Distribution fitting

What is distribution fitting

Fitting a distribution to a data sample consists, once the type of distribution has been chosen, in estimating the parameters of the distribution so that the sample is the most likely possible (as regards the maximum likelihood) or that at least certain statistics of the sample (mean, variance for example) correspond as closely as possible to those of the distribution.

Fitting methods used in XLSTAT

XLSTAT offers two fitting methods:

Moments for distribution fitting

This simple method uses the definition of the moments of the distribution as a function of the parameters to determine the latter. For most distributions, the use of the mean and the variance is sufficient. However, for certain distributions, the mean suffices (for example Poisson's distribution), or, if not, the asymmetry coefficient is also required (Weibull's distribution for example).

Maximum of Likelihood for fitting a distribution

The parameters of the distribution are estimated by maximizing the likelihood of the sample. This method, more complex, has the advantage of rigor for all distributions and enables approximate standard deviations to be obtained for parameter estimators. The maximum likelihood method is offered for the negative binomial type II distribution, Fisher-Tippett distribution, GEV distribution and Weibull distribution.

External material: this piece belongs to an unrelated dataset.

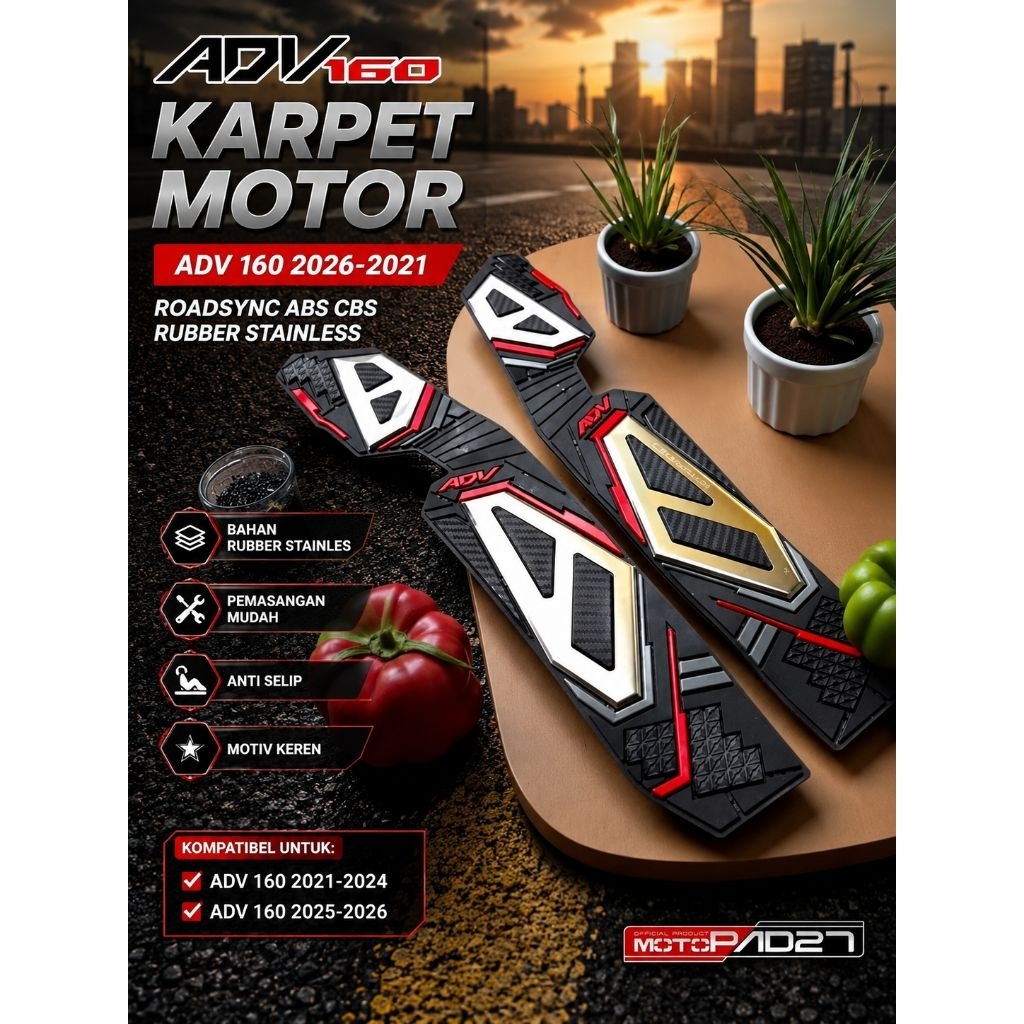 Bordes ADV 160 2025-2022 Karpet pijakan kaki Honda ADV 160 2025-2022 Alas kaki Honda ADV 160 2025-20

Available fitting distribution in XLSTAT

XLSTAT provides the following distributions:

Beta, Binomial, Negative binomial, Chi-square, Erlang, Exponential, Fisher, Fisher-Tippett, Gamma, GEV, Gumbel, Lognormal, Normal, Pareto, Poisson, Student, Uniform, Weibull.

Test for the goodness of fit

Once the parameters for the chosen distribution have been estimated, the hypothesis must be tested in order to check if the phenomenon observed through the sample follows the distribution in question.

XLSTAT offers two goodness of fit tests:

• The Chi-square goodness of fit test
• The Kolmogorov-Smirnov goodness of fit

Results for distribution fitting in XLSTAT

• Estimated parameters: This table displays the parameters for the distribution.
• Statistics estimated on the input data and computed using the estimated parameters of the distribution: This table is used to compare the mean, variance, skewness and kurtosis coefficients calculated from the sample with those calculated from the values of the distribution parameters.
• Kolmogorov-Smirnov test.
• Chi-square test and table of comparison between the observed and theoretical frequencies
• Histograms: The data distribution and the fitting distribution are both represented on the same histogram. This makes it a very helpful visualization tool to compare the distributions.
• Descriptive statistics for the intervals: This table shows for each interval the frequencies, the relative frequencies, together with the densities for the samples and distribution chosen.